Но, что ни говори, даже она – собрание фрагментов. Вся его жизнь состоит из фрагментов, цитат из произведений других, лучших писателей. Дни его проживались между кавычек, а самые яркие события были просто знакомыми фразами, выделенными курсивом. Работая над трактатом о немецкой драме, он собрал более шестисот цитат, которые прикалывал к стене своей комнаты: по одной каталожной карточке на каждую цитату в его миниатюрной руке. Заядлый коллекционер фраз, поэтических строк, афоризмов, он в последнее время пришел к мнению, что идеальный критик – это не более чем одаренный собиратель цитат. «Великая книга будущего, – писал он Адорно, – должна состоять из фрагментов, взятых из текстов других произведений. Это будет повторная сборка, лоскутное одеяло из уже найденных смыслов. Великий критик будущего должен хранить молчание, решительно жестикулируя, но утратив способность или не желая говорить».

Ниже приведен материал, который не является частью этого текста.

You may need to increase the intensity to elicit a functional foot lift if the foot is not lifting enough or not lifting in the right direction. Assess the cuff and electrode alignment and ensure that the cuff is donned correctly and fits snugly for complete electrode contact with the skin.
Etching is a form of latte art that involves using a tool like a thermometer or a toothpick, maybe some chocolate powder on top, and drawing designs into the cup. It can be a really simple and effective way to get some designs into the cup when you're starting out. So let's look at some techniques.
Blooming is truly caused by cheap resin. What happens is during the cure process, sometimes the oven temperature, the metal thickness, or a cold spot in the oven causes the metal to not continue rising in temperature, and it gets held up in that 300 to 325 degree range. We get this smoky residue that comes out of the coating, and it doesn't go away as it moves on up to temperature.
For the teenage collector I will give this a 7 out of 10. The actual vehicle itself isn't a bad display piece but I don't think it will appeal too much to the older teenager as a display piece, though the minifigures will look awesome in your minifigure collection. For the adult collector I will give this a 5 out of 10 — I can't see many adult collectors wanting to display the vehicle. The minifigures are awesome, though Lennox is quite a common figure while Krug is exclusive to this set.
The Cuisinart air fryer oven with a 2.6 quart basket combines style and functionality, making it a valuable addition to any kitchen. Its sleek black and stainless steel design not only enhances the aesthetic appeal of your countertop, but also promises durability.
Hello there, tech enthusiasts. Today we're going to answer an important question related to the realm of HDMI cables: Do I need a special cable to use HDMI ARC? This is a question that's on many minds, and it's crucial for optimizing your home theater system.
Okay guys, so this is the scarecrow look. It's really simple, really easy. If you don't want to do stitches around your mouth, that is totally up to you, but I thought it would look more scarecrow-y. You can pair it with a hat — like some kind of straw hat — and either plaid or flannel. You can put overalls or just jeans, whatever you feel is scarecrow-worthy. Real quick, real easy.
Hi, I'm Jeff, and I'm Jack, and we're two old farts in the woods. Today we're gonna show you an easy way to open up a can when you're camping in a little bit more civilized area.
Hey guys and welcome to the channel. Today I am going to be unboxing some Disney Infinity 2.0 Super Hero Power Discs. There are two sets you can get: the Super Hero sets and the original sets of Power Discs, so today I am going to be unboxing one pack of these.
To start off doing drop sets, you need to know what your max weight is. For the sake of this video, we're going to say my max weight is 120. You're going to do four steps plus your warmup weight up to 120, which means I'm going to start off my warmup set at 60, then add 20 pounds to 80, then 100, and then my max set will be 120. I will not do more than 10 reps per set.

Перед ним снова возникло лицо Юлы, вытеснив Гёте. Куда красивее, чем у Гёте, улыбнулся он.
– Я люблю тебя, Юла, – прошептал он, невольно потянувшись к брюкам.
Неужели чувственные желания еще теплятся в нем в эту самую мрачную и холодную ночь его жизни? Неужели секс и смерть так переплетены друг с другом?
Ему не забыть ту ужасную поездку с Юлой на Лазурный Берег. Тогда ведь он уже стал «свободным» человеком… Брак с Дорой распался, и Юла поехала с ним. В поезде она нежно положила голову ему на плечо, и ему стало приятно, когда на них с завистью посмотрел какой-то пожилой господин. Теперь Юла принадлежит ему, думал он. Уже какое-то время в ней, казалось, жила тихая и вместе с тем страстная потребность в его любви, правда (вопреки обвинениям Доры), до полной отдачи друг другу у них так и не дошло. В последний момент Юла всегда находила какой-нибудь предлог уклониться от его ласк и шептала:
– В другой раз.
Сколько было таких «В другой раз»?
На Лазурный Берег он поехал, чтобы их отношения наконец достигли естественной кульминации. Так подбрасывают мяч в воздух: нужно услышать (и увидеть), как он упадет на землю. Они сняли комнату в пансионе «Марипоса» у моря – чистую, свежую, с высоким сводчатым потолком и девственно-белыми стенами. В комнате пахло штукатуркой, в вазе у кровати стоял букет желтых нарциссов – примета ранней весны. Пожилая хозяйка, протягивая ключ, игриво подмигнула ему (кровать-то одна!).